Karzinome sind komplexe Gewebe von neoplastischen Zellen und einer nicht krebsartigen Fach bezeichnet als "Stroma" zusammen. Das Stroma besteht aus der extrazellulären Matrix (ECM) und eine Vielzahl von mesenchymalen Zellen, einschließlich Fibroblasten, Myofibroblasten, Endothelzellen, Perizyten und Leukozyten 1-3.

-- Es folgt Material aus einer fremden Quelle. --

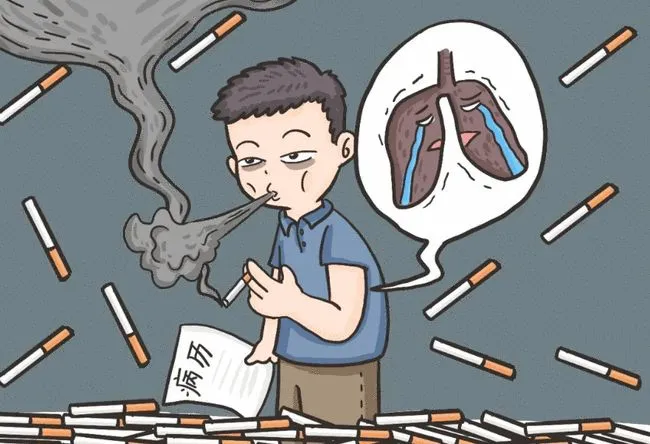 吸烟的肺图片(香烟和肺之间的) - 赤虎壹号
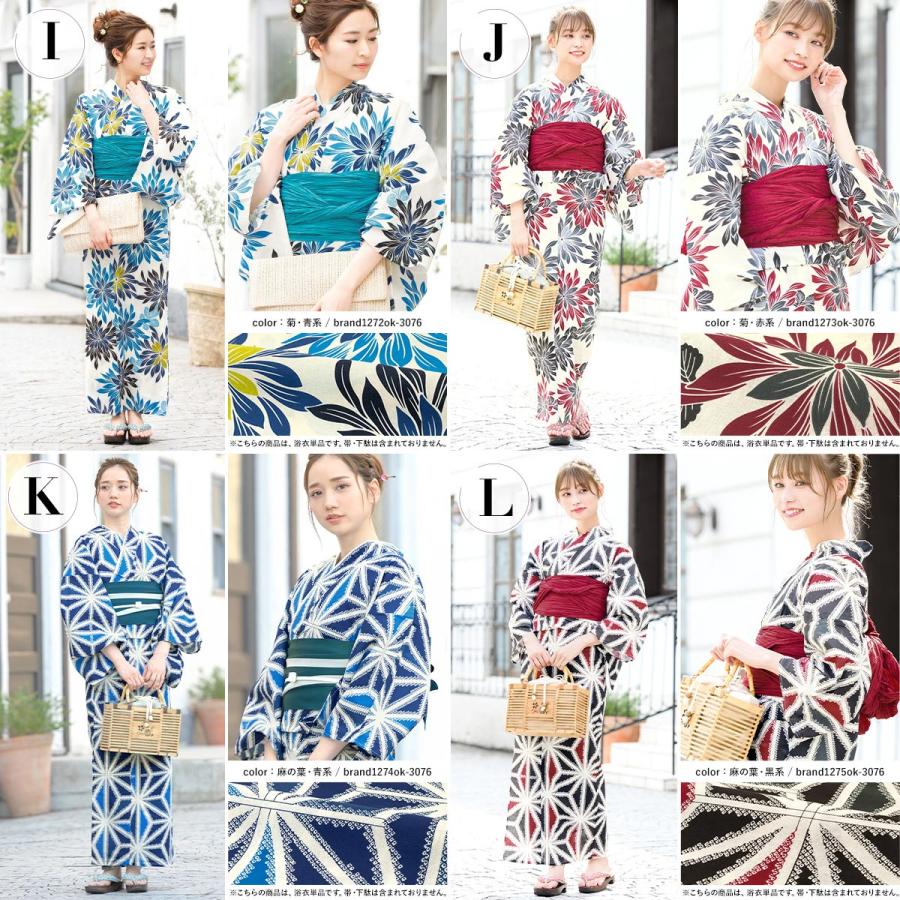 浴衣 レディース 20代 30代 40代 単品 大人 レトロ 紺系 青緑 青
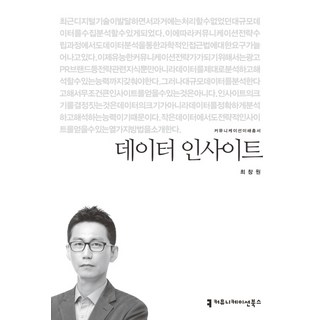 數據洞察, 溝通圖書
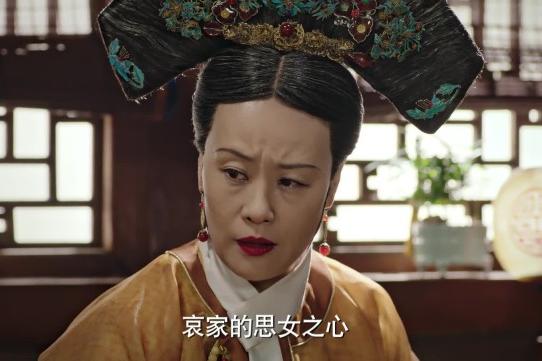 胧月公主真实的结局（胧月公主原型是哪位）-第21张图片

Der Tumor-assoziierten Stroma reagiert auf erhebliche parakrine Signale von benachbarten Krebszellen freigesetzt. Während des Krankheitsverlaufs, das Stroma wird oft von Karzinom-assoziierte Fibroblasten (CAF), einschließlich einer großen Anzahl von Myofibroblasten besiedelt. Diese Zellen haben bisher von vielen verschiedenen Arten von humanen Karzinomen wurden für ihre in-vitro-Kultur extrahiert. Eine Subpopulation von CAF unterscheidet sich durch ihre Hochregulation von α-smooth muscle actin (α-SMA) Ausdruck 4,5. Diese Zellen sind ein Markenzeichen der "aktivierten Fibroblasten", die ähnliche Eigenschaften teilen mit Myofibroblasten commonly in verletzten und fibrotische Gewebe 6 beobachtet. Das Vorhandensein dieser myofibroblastischer CAF Teilmenge ist sehr zu hochwertigen Malignomen im Zusammenhang und in Verbindung mit schlechten Prognosen bei Patienten.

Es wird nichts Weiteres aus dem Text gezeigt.